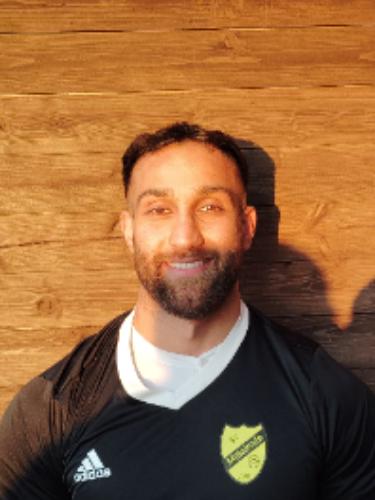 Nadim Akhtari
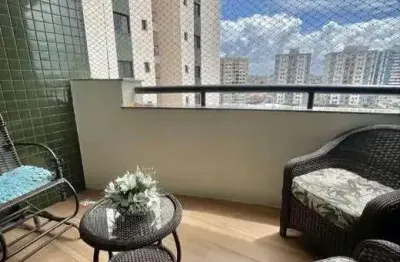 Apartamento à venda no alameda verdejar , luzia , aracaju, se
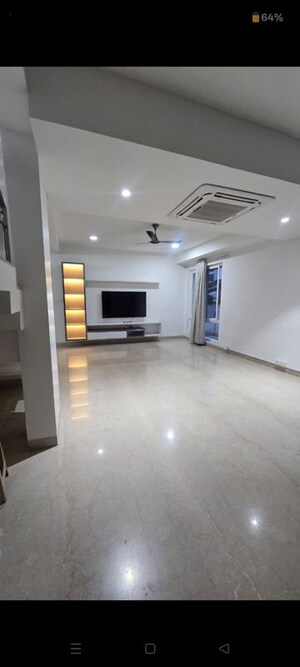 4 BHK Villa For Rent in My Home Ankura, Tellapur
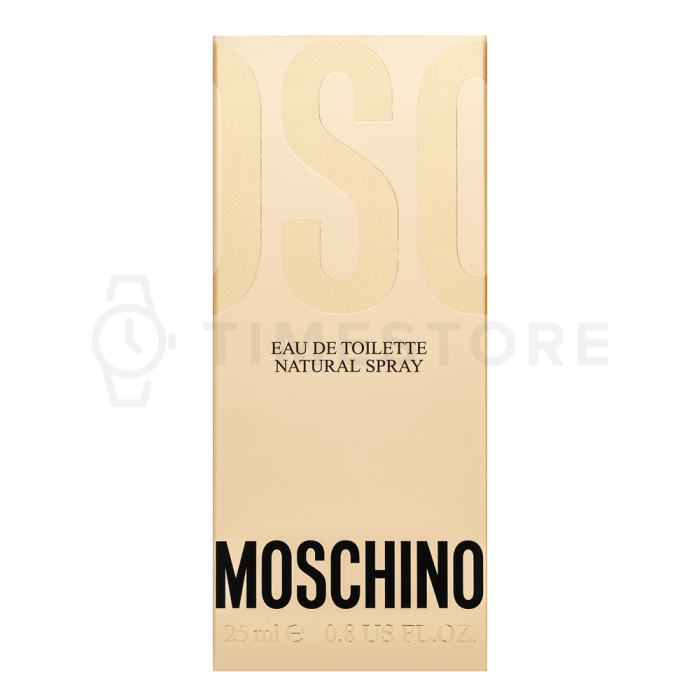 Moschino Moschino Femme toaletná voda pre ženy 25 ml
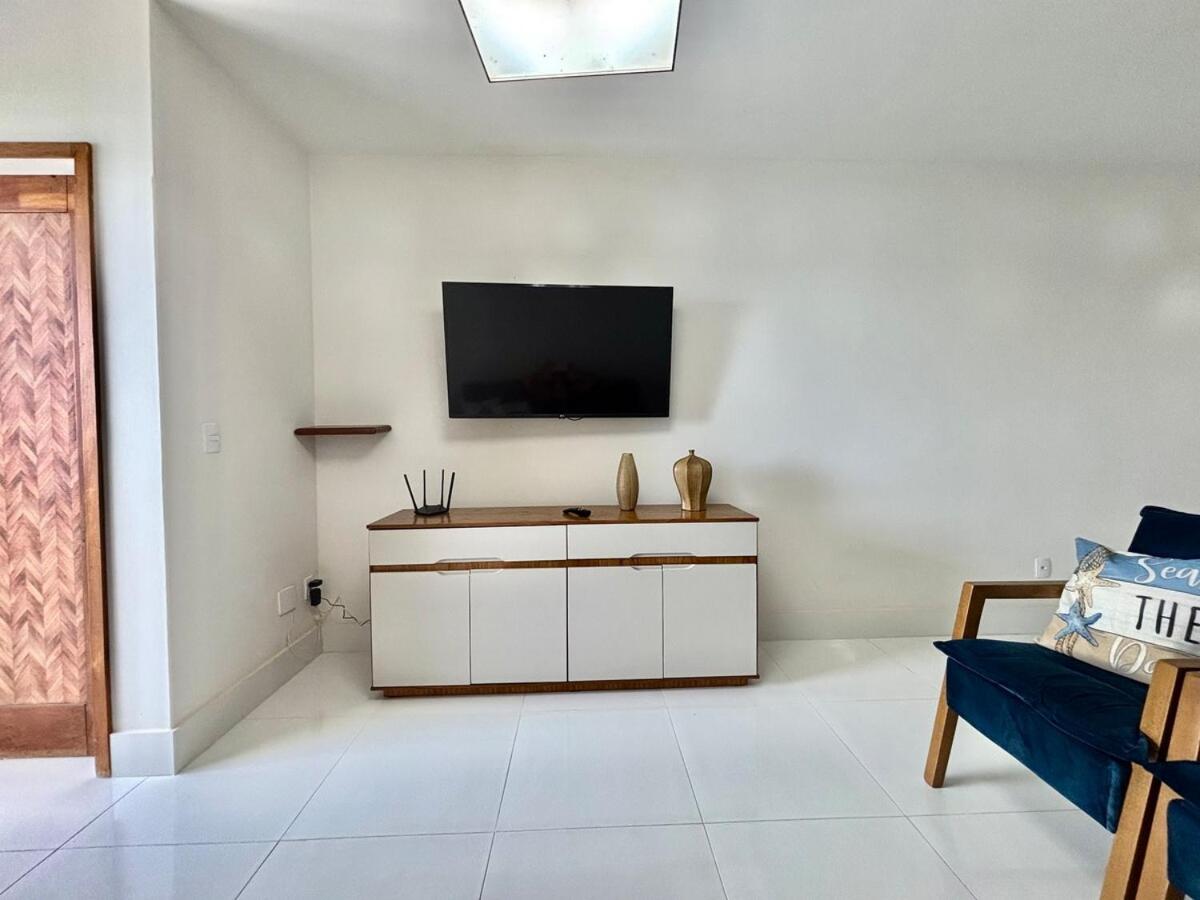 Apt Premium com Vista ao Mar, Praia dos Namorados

- - -

Task objective:
Each record above is to be returned unchanged, while any picture it holds stays out.

Expected output:
 Nadim Akhtari
 Apartamento à venda no alameda verdejar , luzia , aracaju, se
 4 BHK Villa For Rent in My Home Ankura, Tellapur
 Moschino Moschino Femme toaletná voda pre ženy 25 ml
 Apt Premium com Vista ao Mar, Praia dos Namorados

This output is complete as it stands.